Después de muchas noches de conversaciones calladas entre los dos, llegaron a
un acuerdo. Lanzarían al aire una moneda. El perdedor trabajaría en las minas para pagar los estudios al que ganara. Al terminar sus estudios, el ganador pagaría entonces los estudios al que quedara en casa, con las ventas de sus obras, o como fuera necesario. Lanzaron al aire la moneda un domingo al salir de la Iglesia. Alberto ganó y se fue a estudiar a Nuremberg. Albretch comenzó entonces el peligroso trabajo en las minas, donde permaneció por los próximos cuatro años para sufragar los estudios de su hermano, que desde el primer momento provocó un impacto en la Academia.
Los grabados de Alberto, sus tallados y sus óleos llegaron a ser mucho mejores que los de muchos de sus profesores, y para el momento de su graduación, ya había comenzado a ganar considerables sumas con las ventas de su arte. Cuando el joven artista regresó a su aldea, la familia Durero se reunió para una cena festiva en su honor. Al finalizar la memorable velada, Alberto se puso de pie en su lugar de honor en la mesa, y propuso un brindis por su hermano querido, que tanto se había sacrificado para hacer sus estudios una realidad.

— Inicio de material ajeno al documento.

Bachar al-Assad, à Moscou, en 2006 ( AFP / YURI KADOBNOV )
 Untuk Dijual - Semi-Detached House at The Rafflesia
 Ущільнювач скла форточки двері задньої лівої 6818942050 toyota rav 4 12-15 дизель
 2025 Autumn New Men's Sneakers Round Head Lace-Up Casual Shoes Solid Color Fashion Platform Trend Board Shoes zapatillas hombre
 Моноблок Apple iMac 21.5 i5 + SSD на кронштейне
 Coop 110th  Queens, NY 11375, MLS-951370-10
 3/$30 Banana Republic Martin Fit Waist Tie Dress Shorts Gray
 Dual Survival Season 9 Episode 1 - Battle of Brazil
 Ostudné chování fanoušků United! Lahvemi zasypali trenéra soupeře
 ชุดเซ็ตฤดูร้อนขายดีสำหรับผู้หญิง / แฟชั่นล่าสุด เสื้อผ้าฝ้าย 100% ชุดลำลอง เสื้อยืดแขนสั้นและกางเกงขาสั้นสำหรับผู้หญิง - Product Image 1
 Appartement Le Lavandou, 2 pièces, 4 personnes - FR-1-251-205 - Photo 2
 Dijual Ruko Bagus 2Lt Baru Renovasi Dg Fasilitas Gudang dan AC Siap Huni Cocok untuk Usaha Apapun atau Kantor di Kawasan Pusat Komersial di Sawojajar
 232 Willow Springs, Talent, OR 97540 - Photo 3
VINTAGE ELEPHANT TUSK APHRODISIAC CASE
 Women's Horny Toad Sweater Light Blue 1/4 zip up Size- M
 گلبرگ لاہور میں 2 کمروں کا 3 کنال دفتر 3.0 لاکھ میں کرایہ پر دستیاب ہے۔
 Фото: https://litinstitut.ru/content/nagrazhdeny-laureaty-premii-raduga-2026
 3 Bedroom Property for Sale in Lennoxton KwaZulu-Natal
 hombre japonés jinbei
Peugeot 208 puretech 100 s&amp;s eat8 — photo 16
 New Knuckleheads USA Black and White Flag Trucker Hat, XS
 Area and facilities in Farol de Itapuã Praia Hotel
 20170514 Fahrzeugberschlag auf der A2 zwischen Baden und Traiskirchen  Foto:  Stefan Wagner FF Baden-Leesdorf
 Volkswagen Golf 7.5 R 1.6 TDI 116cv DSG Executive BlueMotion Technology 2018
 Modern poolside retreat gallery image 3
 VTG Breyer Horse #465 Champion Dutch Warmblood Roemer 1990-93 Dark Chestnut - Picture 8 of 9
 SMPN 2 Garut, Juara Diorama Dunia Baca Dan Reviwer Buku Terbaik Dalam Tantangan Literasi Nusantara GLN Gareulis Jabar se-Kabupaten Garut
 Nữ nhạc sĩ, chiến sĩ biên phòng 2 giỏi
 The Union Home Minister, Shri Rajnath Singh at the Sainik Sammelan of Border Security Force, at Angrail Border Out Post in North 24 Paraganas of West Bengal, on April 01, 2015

Sus palabras finales fueron: “Y ahora, Albretch hermano mío, es tu turno. Ahora puedes ir tú a Nuremberg a perseguir tus sueños, que yo me haré cargo de ti”. Todos los ojos se volvieron llenos de expectativa hacia el rincón de la mesa que ocupaba Albretch, quien tenía el rostro empapado en lágrimas, y movía de lado a lado la cabeza murmurando una y otra vez: “No… no… no…”.
Finalmente, Albretch se puso de pie y secó sus lágrimas. Miró por un momento a cada uno de aquellos seres queridos y se dirigió luego a su hermano, y poniendo su mano en la mejilla de aquel le dijo suavemente: “No, hermano, no puedo ir a Nuremberg. Es muy tarde para mí. Mira lo que cuatro años de trabajo en las minas han hecho de mis manos. Cada hueso de mis manos se ha roto al menos una vez, y últimamente la artritis en mi mano derecha ha avanzado tanto que hasta me costó trabajo levantar la copa durante tu brindis… Mucho menos podría trabajar con delicadas líneas el compás o el pergamino y no podría manejar la pluma ni el pincel. No, hermano… para mí
ya es tarde”.
Han pasado desde ese día hasta hoy casi 500 años. Hoy en día los grabados, óleos, acuarelas, tallas y demás obras de Alberto Durero pueden ser vistos en museos alrededor de todo el mundo. Pero seguramente usted, como la mayoría de las personas, sólo recuerde uno. Lo que es más, seguramente hasta tenga uno en su oficina o en su casa. Un día, para rendir homenaje al sacrificio de su hermano Albretch, Alberto Durero dibujó las manos maltratadas de su hermano, con las palmas unidas y los dedos apuntando al cielo. Llamó a esta poderosa obra simplemente “Manos”, pero el mundo entero abrió de inmediato su corazón a su obra de arte y le cambió el nombre por el de “Manos que oran”.
La próxima vez que vea una copia de esa creación, mírela bien. Permita que sirva de recordatorio, si es que lo necesita, de que nadie, nunca, ¡triunfa solo!